Bu dünyada hemen hemen tüm hastalığa bir aşı, bir ilaç var da bir tek şiddeti önlemeye yönelik bir aşı/ilaç bulunamadı. Şiddet uygulama eğiliminde olan bireye vuracaksın iğneyi veya vereceksin ilacı bak gör o zaman şiddet olur mu. Buradan aşı/ilaç üreticilerine sesleniyorum. Bence bunun üzerine bir düşünün. Bugüne özel yani 25 Kasım Kadına Yönelik Şiddete Karşı Uluslararası Mücadele Günü vesilesiyle de açık çağrımı yerelden tüm dünyaya yapmış olayım. Güne özel kaleme aldığım bu yazımın ilgilisine ulaşması temennimle birlikte.

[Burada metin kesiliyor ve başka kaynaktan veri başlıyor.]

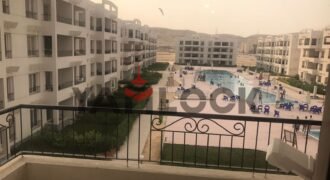 شاليه مفروش للبيع في قريه بالميرا العين السخنه شاليه مفروش للبيع في قريه بالميرا العين السخنه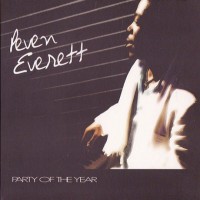 Purchase Peven Everett - Party Of The Year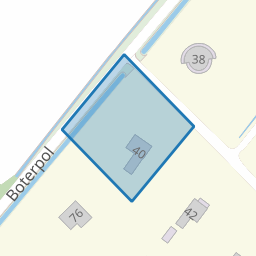 Perceel DVR00-A-1369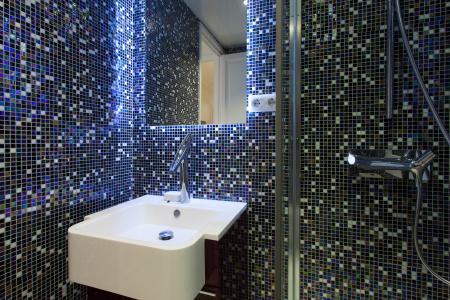 Wohnung zur Miete in Barcelona Font Honrada - Magalhaes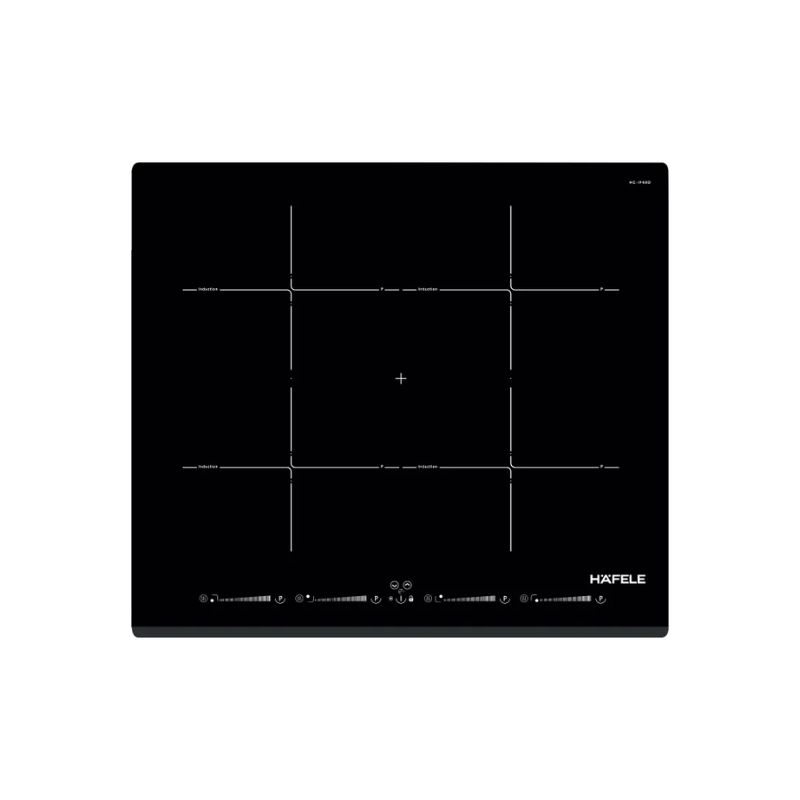 Bếp từ Hafele HC-IF60D Bếp từ Hafele HC-IF60D
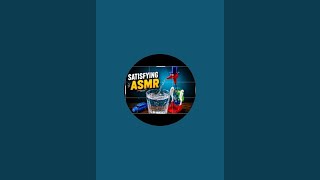 ASMR live oddly satisfying 98981268#live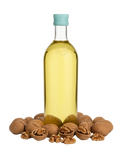 
                                Walnussöl
                            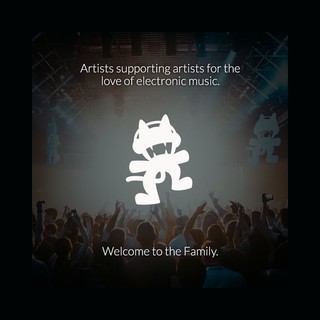 Monstercat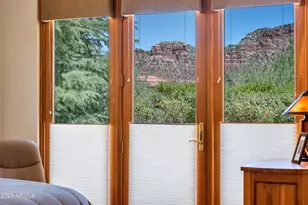 50 Quail Cir, Sedona, AZ 86351 - Photo 10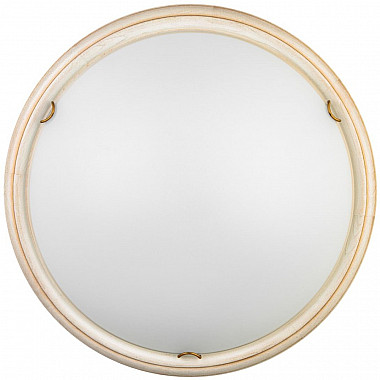 Настенно-потолочный светильник Provence 7605/DL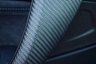 USED 2017 67 BMW M2 3.0 M2 2d 365 BHP CARBON M PERFORMANCE KIT HK SOUND, CARBON M PERFORMANCE KIT,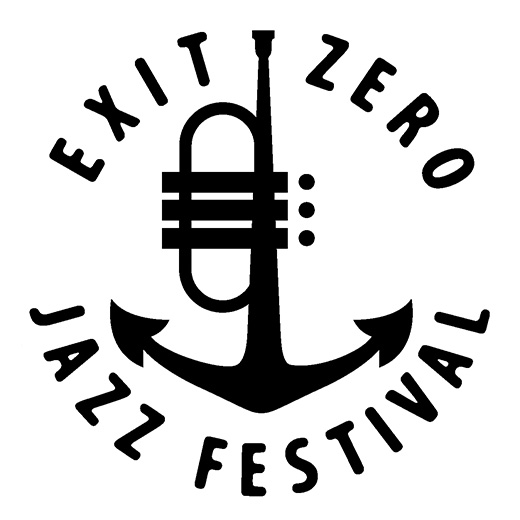 Exit Zero Jazz Festival Event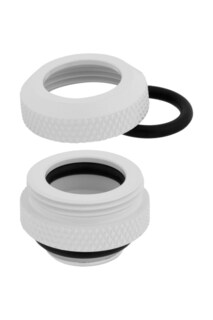 Foto 2 | Foto 2 | Accesorios Corsair Hydro X Series Xf Hardline 12 Mm Od, Paquete De 4 - Venta Internacional.
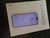 Mint Apple iPhone 17 Pro Max - Unlocked, Cosmic Orange, 2 TB, A3257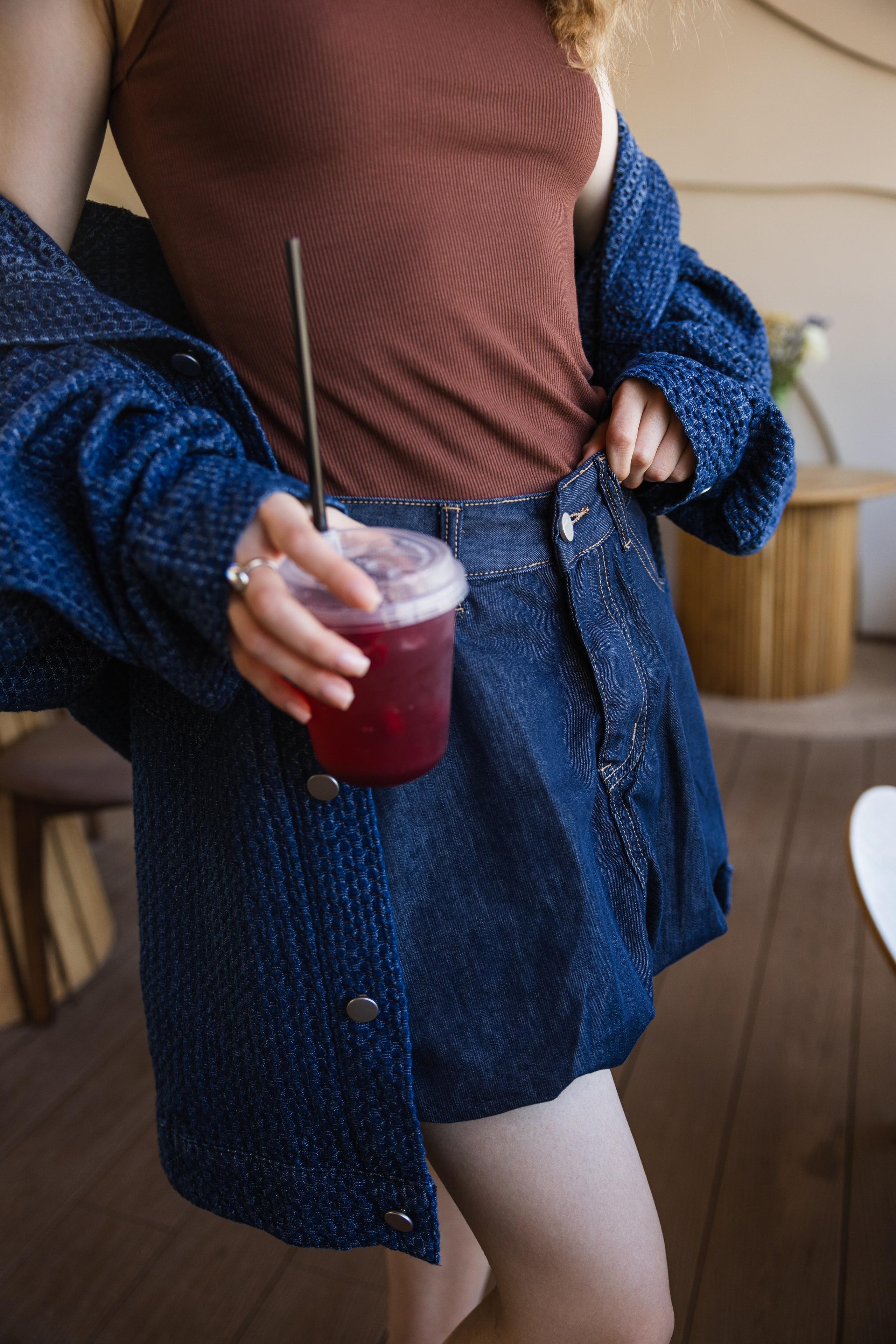 Кофейня. Свадебный фотограф Краснодар Ростов Солоникова Вероника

Bugün tüm dünyada kadına yönelik şiddeti önlemeye yönelik etkinlikler düzenleniyor. Amaçsa her geçen gün artış gösteren kadınlarımıza yönelik uygulanan şiddet karşısında farkındalık yaratmak. Diğer kültürlerde de yoktur muhtemelen ama bizim özümüzde aslında kadına şiddet yok. Kadın topraktır, anadır. Her şeyi geçtim insan sevdiği kişiye karşı şiddet uygular mı? Nitekim bana göre kadına uygulanan şiddet insanlığa yapılan en büyük hıyanettir. Keşke tüm insanlık bu şekilde düşünse. Ne yazık ki bu pek mümkün olmuyor. Öyle ki Birleşmiş Milletler'in paylaştığı resmi verilere göre dünyada her saat başı 5 kadın/kız çocuğu öldürülüyor. Aynı süre içinde her 3 kadından 1'i de şiddete maruz kalıyor. Hal böyle olunca da bu yönüyle dünya çapındaki en büyük insan hakları ihlali olma özelliğini taşıyor. Bunu tetikleyen pek çok faktör olmakla birlikte her ne olursa olsun bu faktörler baskılanıp şiddet uygulanmamalı. Yine aynı rapora göre kadınlar farklı şekillerde şiddete maruz kalıyor. Ev içinde yaşanan şiddet olayı bu listenin başını çekiyor. Cinsel şiddet, ekonomik kısıtlama, hareket alanını sınırlama, dijital yolla taciz ve sosyal izolasyon uygulanan şiddet durumlarından sadece birkaçı. Uygulanan bu şiddet durumlarınınsa tıpkı bir virüs gibi bulaşıcı olduğunu söyleyebilirim. Bu virüs yayılırken bedenleri yaraladığı gibi ruhları da yaralıyor.
ŞİDDET ÖNLEME AŞISI
Yazıma başlarken şiddeti önlemeye yönelik aşı/ilaç üretimi önerisi getirmiştim. Bu talebimi yineliyorum. Bilim adamları aşıyı/ilacı üretebilir mi onu bilemem fakat bizler ilişkilerimizde sevgi ve merhamet duygularımızla karşı tarafa aşı etkisi yapabiliriz. Bunun içinse tek ihtiyacımız ‘sevmek'. Doğayı sevmek, insanları sevmek, yaşadığın anı sevip keyif almak. Her şeye ve tüm kötülüklere rağmen. Severken de sevdiğimiz şeye yaradılışından ötürü merhamet göstermek gerek. Misal parkta gördüğünüz bir çiçeği gidip dalından koparmak bile o çiçeğe yapılan bir şiddettir mesela. Bizlerde yapılan tüm kötülüklere rağmen iyi olmayı başarabilirsek şayet misafir olduğumuz şu fani dünyada arkamızda hoş bir seda bırakıp geçer gideriz.
Özetle; şiddeti önleme aşısının/ilacının etkisini önce kendimize sonra da çevremize yayalım. Yayalım ki dünya daha da yaşanılır bir hale gelsin. Güvenli bir yaşam ve yaşanılır bir gelecek içinse ‘şiddetsiz hayat' şart.